Quanti alberi dobbiamo piantare per compensare 330mila tonnellate di CO2 emesse? Immagino che sia un calcolo difficile anche per i nostri ingegneri a Save the Planet!
L’inquinamento è un punto critico per molti paesi europei, dalla Germania all’Italia, dalla Francia alla Polonia: è nell’aria che respiriamo, nell’acqua che beviamo, nel terreno dove coltiviamo gli alimenti. È la principale causa ambientale di diverse malattie e di morti premature, specialmente tra i bambini e gli anziani, sempre più sono le persone affette da patologie direttamente collegate. L’inquinamento però non colpisce tutti allo stesso modo. Le persone che vivono in zone più povere spesso abitano vicino a siti contaminati o aree con un’elevata densità di traffico.
L’inquinamento è inoltre una delle principali cause della perdita di biodiversità e riduce la capacità degli ecosistemi di svolgere funzioni come la cattura del carbonio e la decontaminazione.
L’Agenzia Internazionale per l’Energia dell’OCSE ha ricordato ai governi che per centrare l’obiettivo delle emissioni zero al 2050 – per fermare l’aumento delle temperature a livello globale – occorre bloccare ogni attività estrattiva di gas e petrolio ma nel breve periodo è indubbio che dobbiamo ridurre le emissioni.
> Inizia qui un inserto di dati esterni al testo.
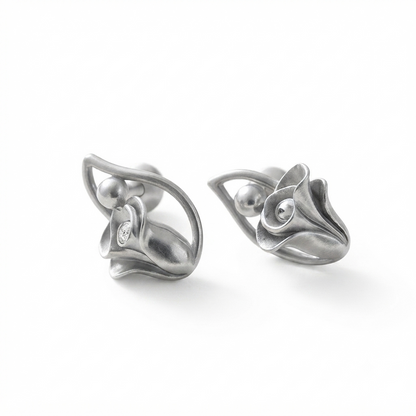 DIVYORO ARTISAN LILY EARRING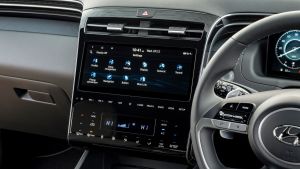 Hyundai Tucson - interior screen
Anzi, va fatto da subito!

Per aziende e lavoratori significa che dobbiamo spostarci di meno o in maniera più sostenibile, quindi nell’immediato lo smart working deve essere consolidato perché è un contributo all’azione.
Però ci sono anche le buone notizie: lo smart working è diventato una pratica per molti lavoratori, capace di conferire più autonomia, flessibilità, conciliazione vita-lavoro e una buona dose di fiducia. Al punto che moltissimi oggi si dicono riluttanti a fare marcia indietro. Tesi avvalorata quest’anno anche dalla ricerca del World Economic Forum, secondo cui il 48% dei lavoratori intervistati vorrebbe mantenere parte del proprio lavoro in remoto. In particolare lontano dai grandi centri urbani e dall’inquinamento e meglio se in piccoli borghi. Un nuovo fenomeno che investe varie amministrazioni comunali è quello di riconvertire il proprio borgo in smart village, dove lo smart worker ha assicurato una serie di servizi se vi si trasferisce con la famiglia, oltre che indubbiamente una connessione internet veloce.
Alcune di queste realtà sono e saranno visitate da Samuel Lo Gioco con il progetto Van Working, che vede Enegan impegnata a compensare le emissioni del VAN con la piantumazione di alberi tramite un nostro progetto.
Lo smart working non è soltanto la “parola del 2020” o la nuova frontiera dell’organizzazione aziendale, è un contributo diretto alla lotta contro il cambiamento climatico.